Records from a collection:

--------

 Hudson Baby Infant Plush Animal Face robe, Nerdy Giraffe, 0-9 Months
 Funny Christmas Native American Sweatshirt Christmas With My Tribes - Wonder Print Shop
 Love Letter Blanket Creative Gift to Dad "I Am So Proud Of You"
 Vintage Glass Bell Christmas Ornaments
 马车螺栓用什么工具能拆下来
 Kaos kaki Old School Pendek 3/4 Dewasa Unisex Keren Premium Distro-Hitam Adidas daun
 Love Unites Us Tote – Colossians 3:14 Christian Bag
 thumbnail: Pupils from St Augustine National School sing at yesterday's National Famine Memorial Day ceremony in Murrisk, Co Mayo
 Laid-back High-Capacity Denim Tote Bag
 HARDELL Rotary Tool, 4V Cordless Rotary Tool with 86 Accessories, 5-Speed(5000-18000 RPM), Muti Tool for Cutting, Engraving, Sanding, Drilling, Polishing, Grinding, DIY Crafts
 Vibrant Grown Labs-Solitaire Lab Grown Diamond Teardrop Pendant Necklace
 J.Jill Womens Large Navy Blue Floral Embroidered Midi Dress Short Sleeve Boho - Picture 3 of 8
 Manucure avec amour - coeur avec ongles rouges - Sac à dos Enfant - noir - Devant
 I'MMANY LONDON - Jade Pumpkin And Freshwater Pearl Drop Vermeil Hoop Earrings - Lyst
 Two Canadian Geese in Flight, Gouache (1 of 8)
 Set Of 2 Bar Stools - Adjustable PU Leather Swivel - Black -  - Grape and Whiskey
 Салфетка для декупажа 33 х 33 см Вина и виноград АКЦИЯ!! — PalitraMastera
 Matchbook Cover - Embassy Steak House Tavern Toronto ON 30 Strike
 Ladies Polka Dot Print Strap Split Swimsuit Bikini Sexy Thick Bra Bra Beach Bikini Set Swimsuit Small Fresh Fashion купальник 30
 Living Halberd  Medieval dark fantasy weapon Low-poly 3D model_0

--------

**DIRECTIONS FOR THIS TASK**
Without changing anything, quote the lines from the top of the data to the line that contains "Love Unites Us", including that line.

**EXERCISE RESULT**
 Hudson Baby Infant Plush Animal Face robe, Nerdy Giraffe, 0-9 Months
 Funny Christmas Native American Sweatshirt Christmas With My Tribes - Wonder Print Shop
 Love Letter Blanket Creative Gift to Dad "I Am So Proud Of You"
 Vintage Glass Bell Christmas Ornaments
 马车螺栓用什么工具能拆下来
 Kaos kaki Old School Pendek 3/4 Dewasa Unisex Keren Premium Distro-Hitam Adidas daun
 Love Unites Us Tote – Colossians 3:14 Christian Bag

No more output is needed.